In June 1386 he was called to military service in Ireland under Robert de Vere, 9th Earl of Oxford, to take 20 men-at-arms and 60 archers. By March 1387 he was serving at sea in the fleet under Richard FitzAlan, 11th Earl of Arundel and by the end of the year was part of the forces of Arundel and Thomas of Woodstock, 1st Duke of Gloucester which overcame the supporters of Oxford and took control of the government.

In 1391 he first sat as Member of Parliament (MP) for Suffolk, was appointed a justice of the peace (JP) and was named to various commissions in the county. In 1392 he was again called to military service in Ireland under Gloucester, to take nine men-at-arms and 30 archers. The expedition never sailed, but his links with the opposition to King Richard II meant that he gained no further appointments and had to buy a royal pardon.

Once King Henry IV came to the throne, he was able to re-enter public life.
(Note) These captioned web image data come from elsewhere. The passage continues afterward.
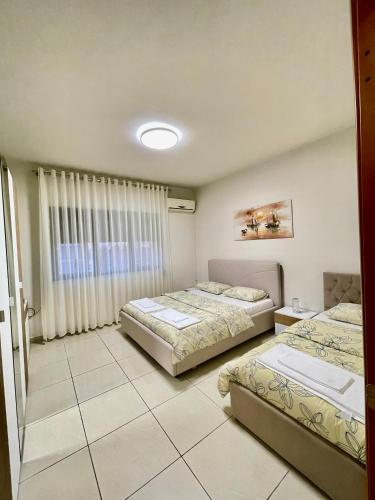 a bedroom with two beds and a window at ShkodraStay in Shkodër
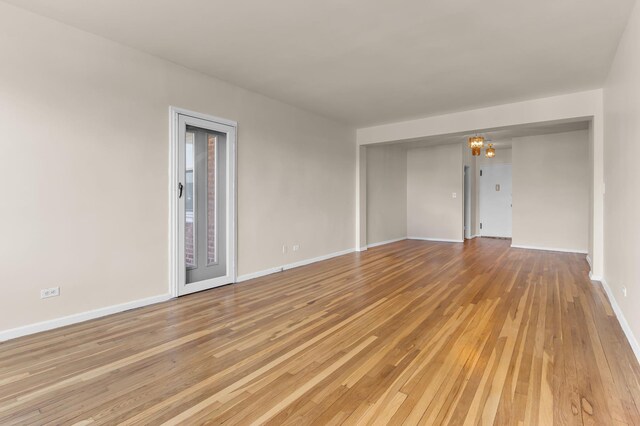 unfurnished room featuring light hardwood / wood-style floors and a notable chandelier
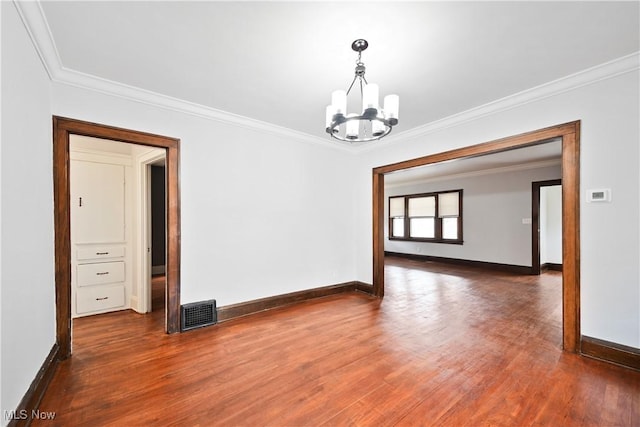 unfurnished room with a chandelier, baseboards, crown molding, and wood finished floors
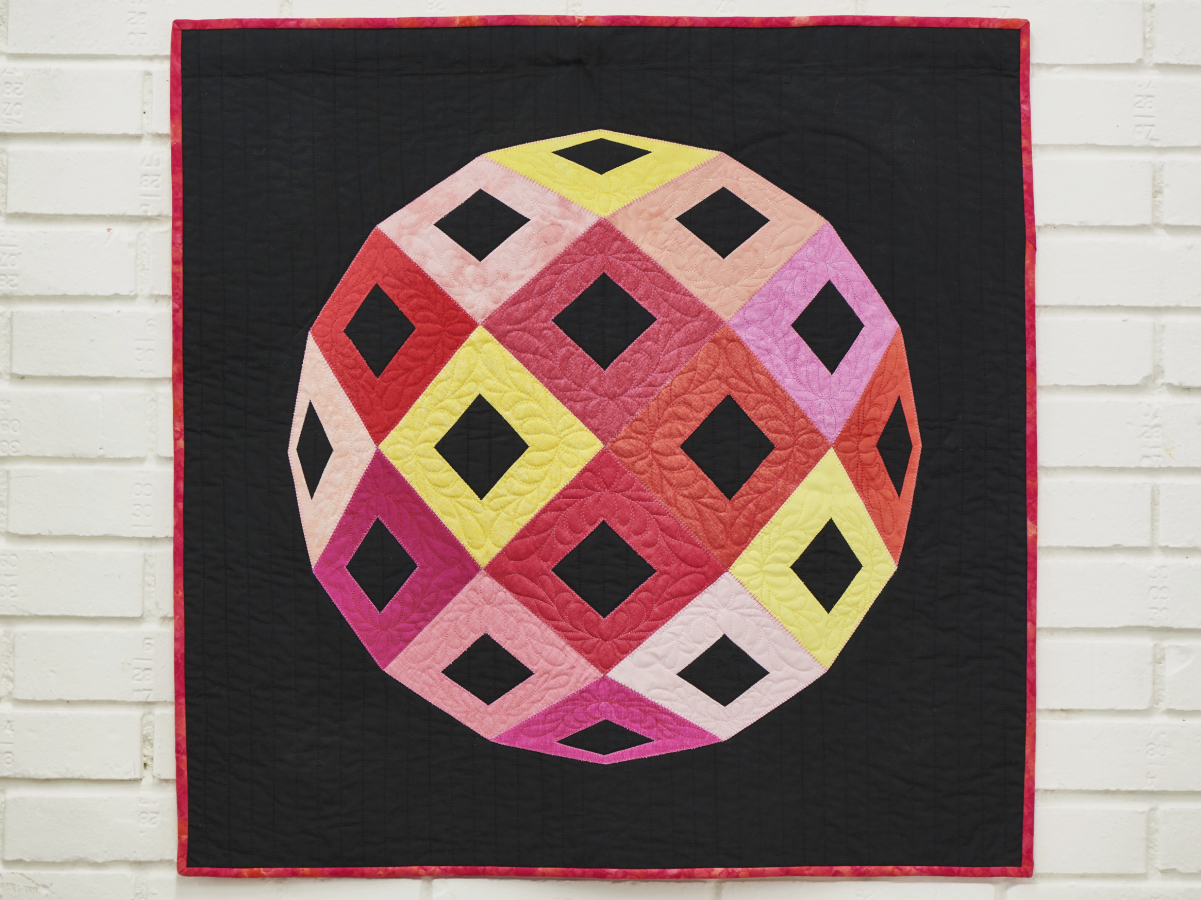 Two quilts are shown on the picture. One hanging on a ladder on the wall, the other is on a table to the right. Both quilts feature purple, pink, yellow, orange& green fabrics with embroidered flowers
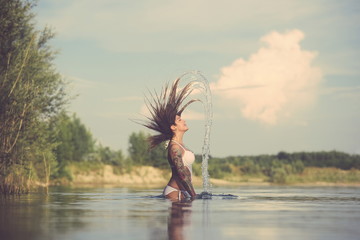 Tattooed Woman Splashing Water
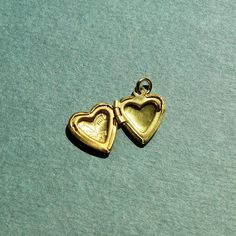 This small heart locket is approximately ~0.5 inches in size. The charm is made of raw brass and comes with a jump ring for threading on your favorite necklace or jewelry making. Brass Heart Charm Pendant Jewelry, Open Heart Charm Necklace Keepsake, Open Heart Charm Necklace For Keepsake, Brass Locket Necklace With Charms For Keepsake, Keepsake Open Heart Charm Necklace, Gold Brass Heart Charm Necklaces, Gold Brass Charm Necklace With Heart Charm, Heart-shaped Vintage Charm Jewelry For Keepsake, Heart-shaped Keepsake Charm Necklaces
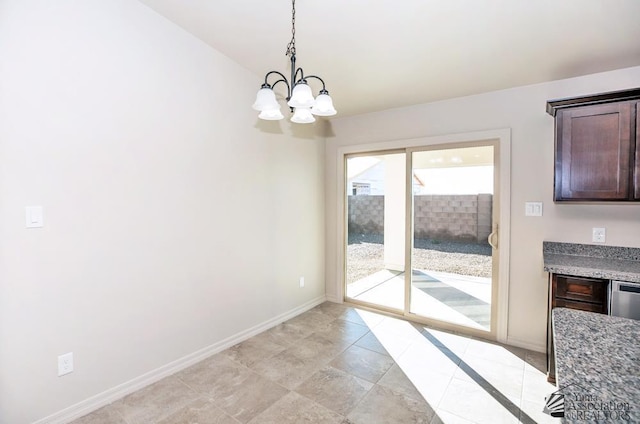 12546 E 51st Pl, Yuma, AZ 85367 - unfurnished dining area featuring baseboards and a chandelier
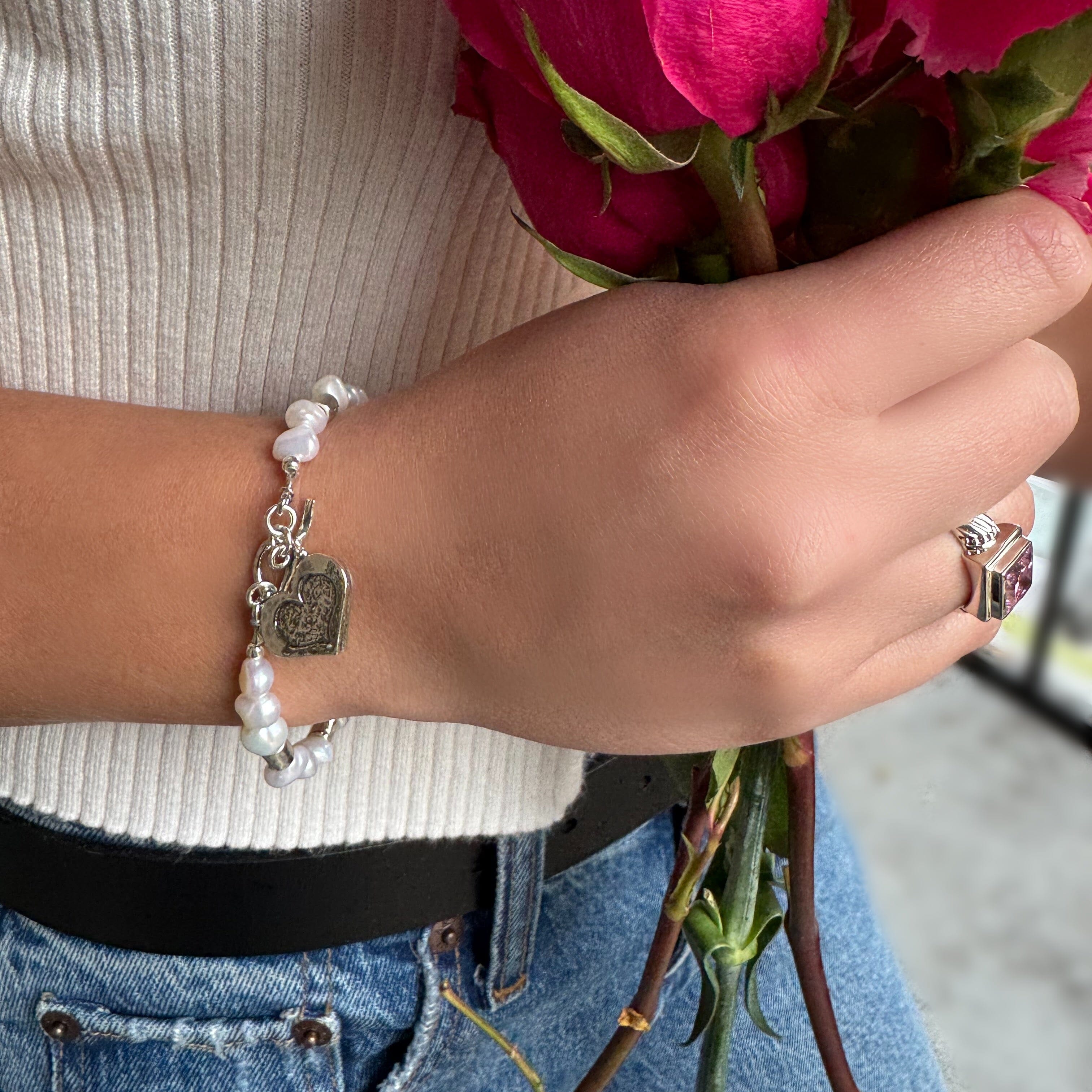 Pearl bracelet with sterling silver spacers and a sterling silver hand crafted heart charm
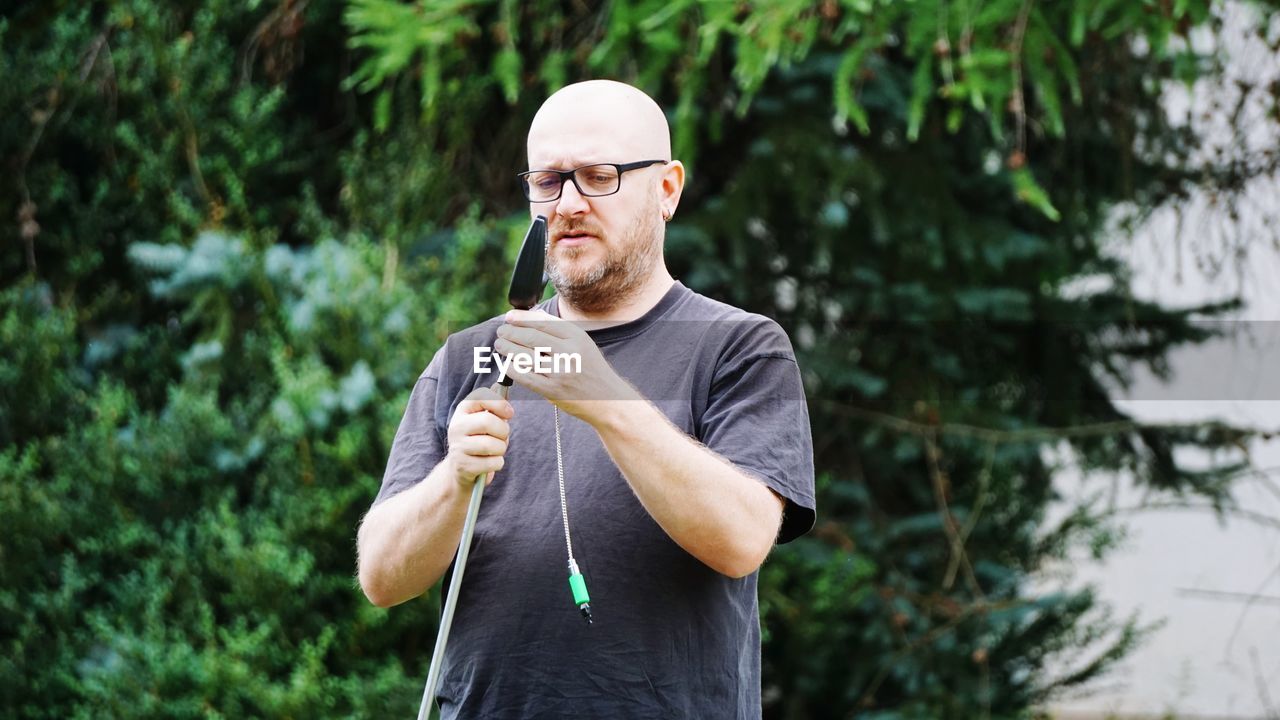 Man adjusting fishing rod against trees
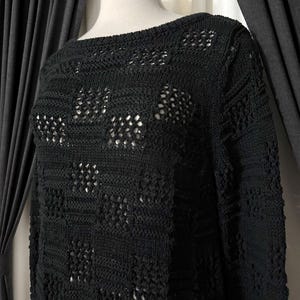 May include: A black knit sweater with a boat neck and long sleeves. The sweater features a textured pattern with openwork details, creating a semi-sheer effect. The garment is displayed on a mannequin against a neutral background.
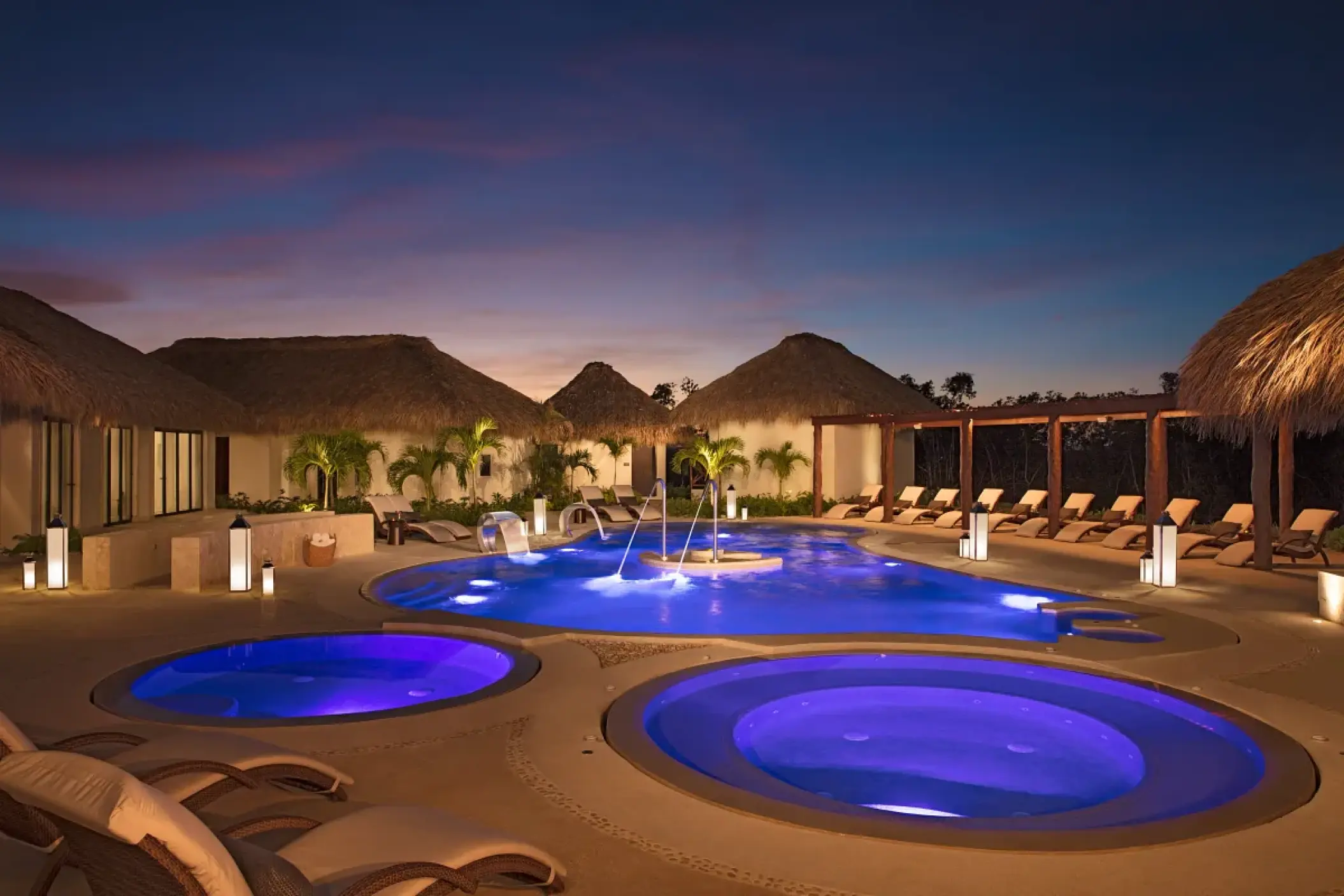 Illuminated hydrotherapy pool circuit at night, Secrets Cap Cana, Punta Cana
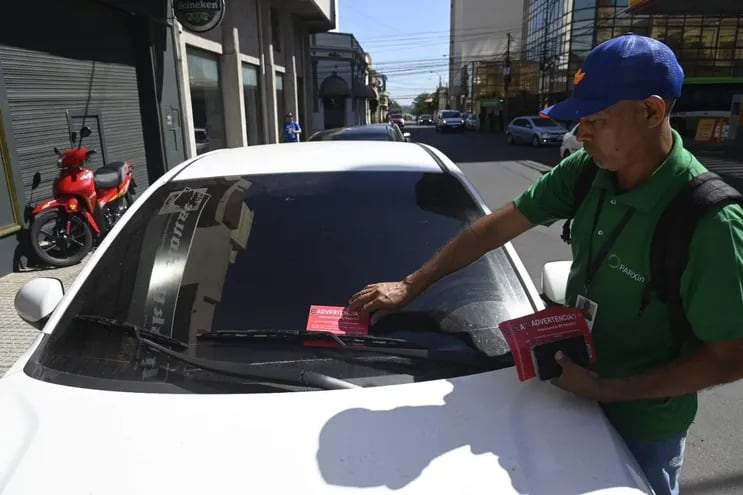Funcionario de Parxin coloca advertencia a vehículo estacionado sin pagar.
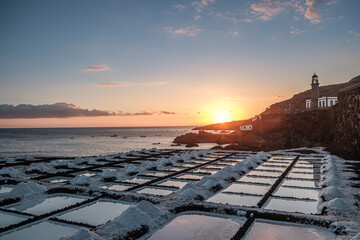 Sunset at the salt flats directly on the Atlantic coast. The sea salt shines romantically in the light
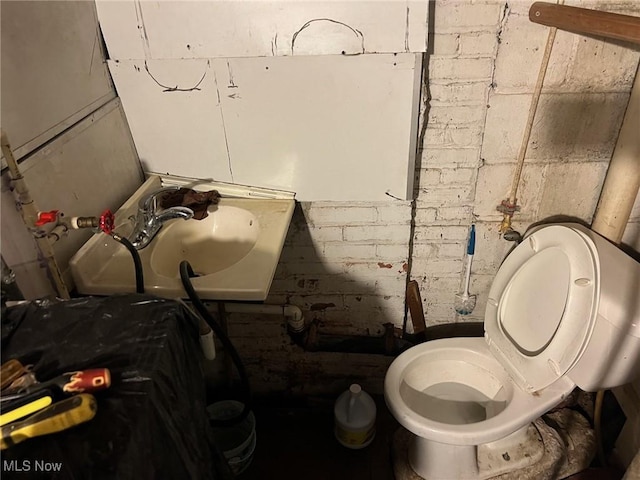 bathroom with toilet and sink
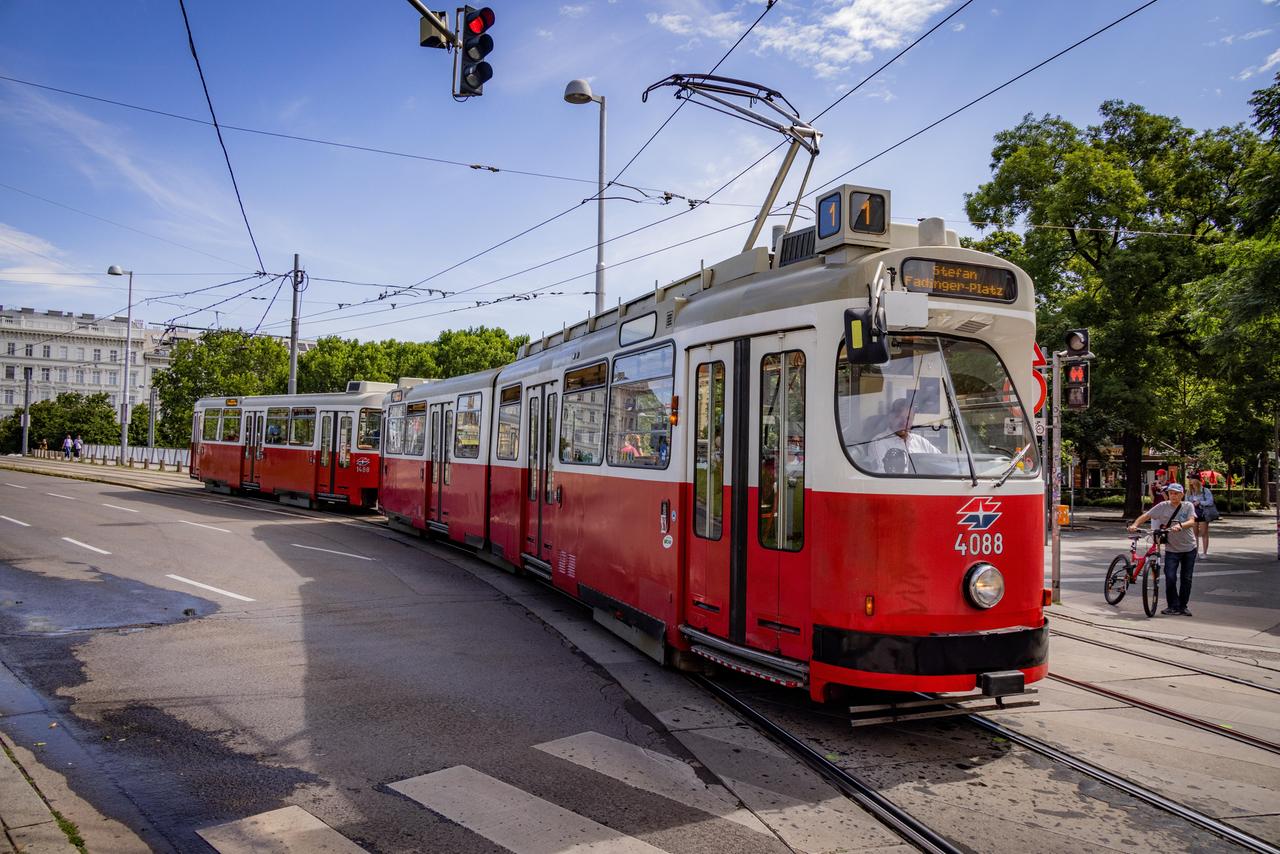 Eine rote Tram fährt durch die Straßen von Wien.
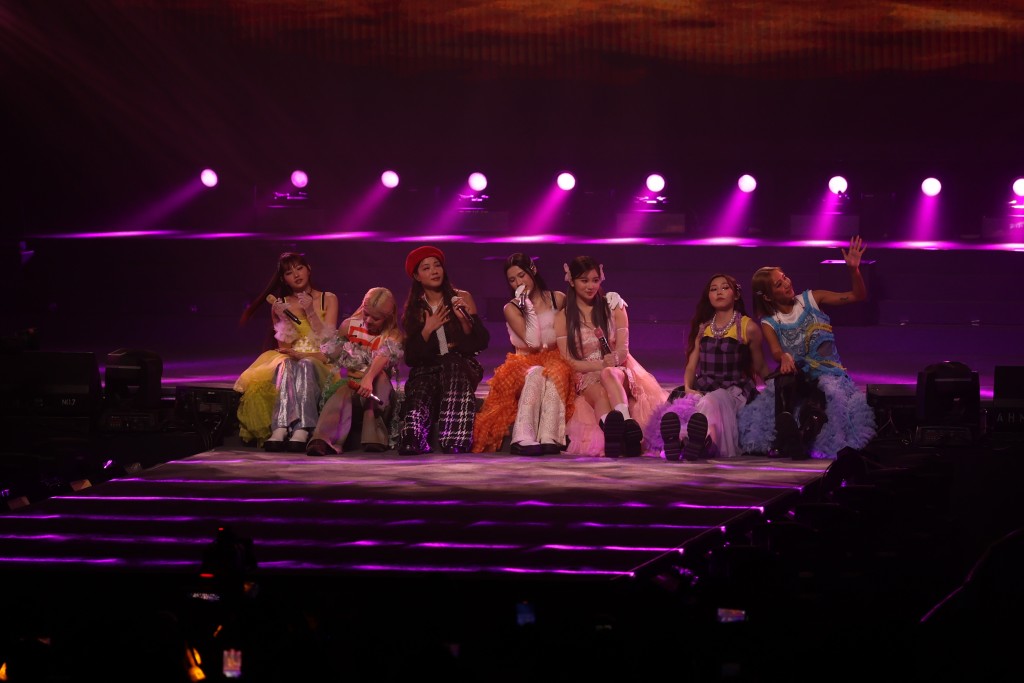 七女合體唱慢歌《Never-never Land》齊齊坐在台邊，着超短裙的Candy驚走光不斷用手按實裙邊。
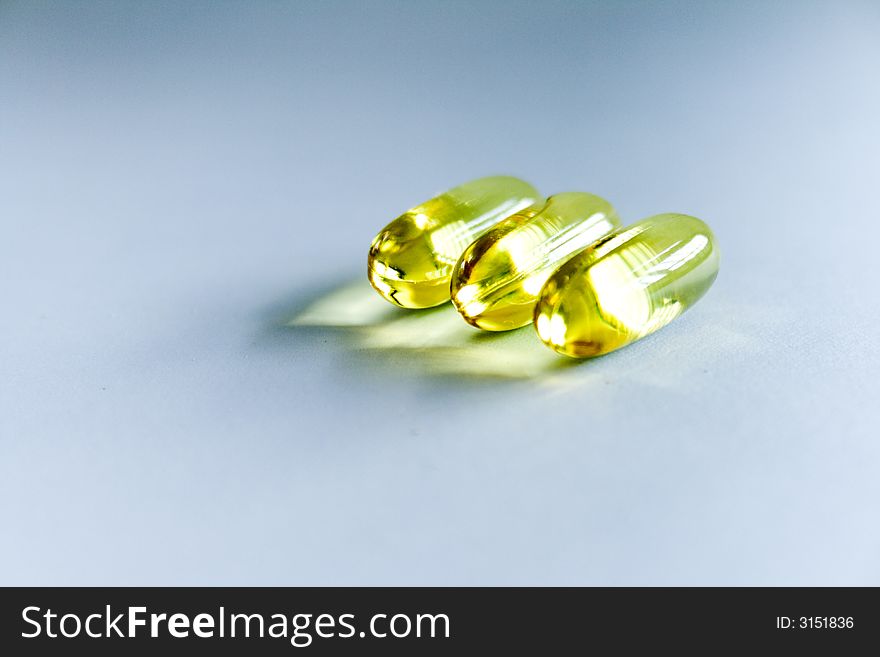 Three transparent yellow pills on white background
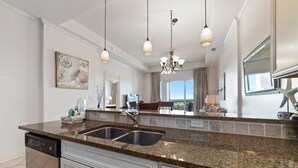 Eine moderne Küche mit Granit Arbeitsplatten, einer Spüle und einem Geschirrspüler. Ein Essbereich mit Blick ins Freie.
In 1401 he was again sent to Parliament for Suffolk, rejoined the bench as a JP and was appointed to various commissions. To both Great Councils of 1401 and 1403 he was summoned as one of the Suffolk knights, and sat a third time as the county's MP in 1407. In Suffolk affairs, among his many associates were the MP Sir Andrew Butler, of Waldingfield, and another MP John Wynter, of Barningham.

He made his will on 3 October 1420, granting bequests to several churches and friaries and including among his executors his brother Nicholas, his son-in-law William Clopton, and the Ipswich lawyer and MP James Andrew. He was dead by 24 October 1420, when the will was proved at Norwich, and was buried beside his wife in the church of St Mary at Rougham.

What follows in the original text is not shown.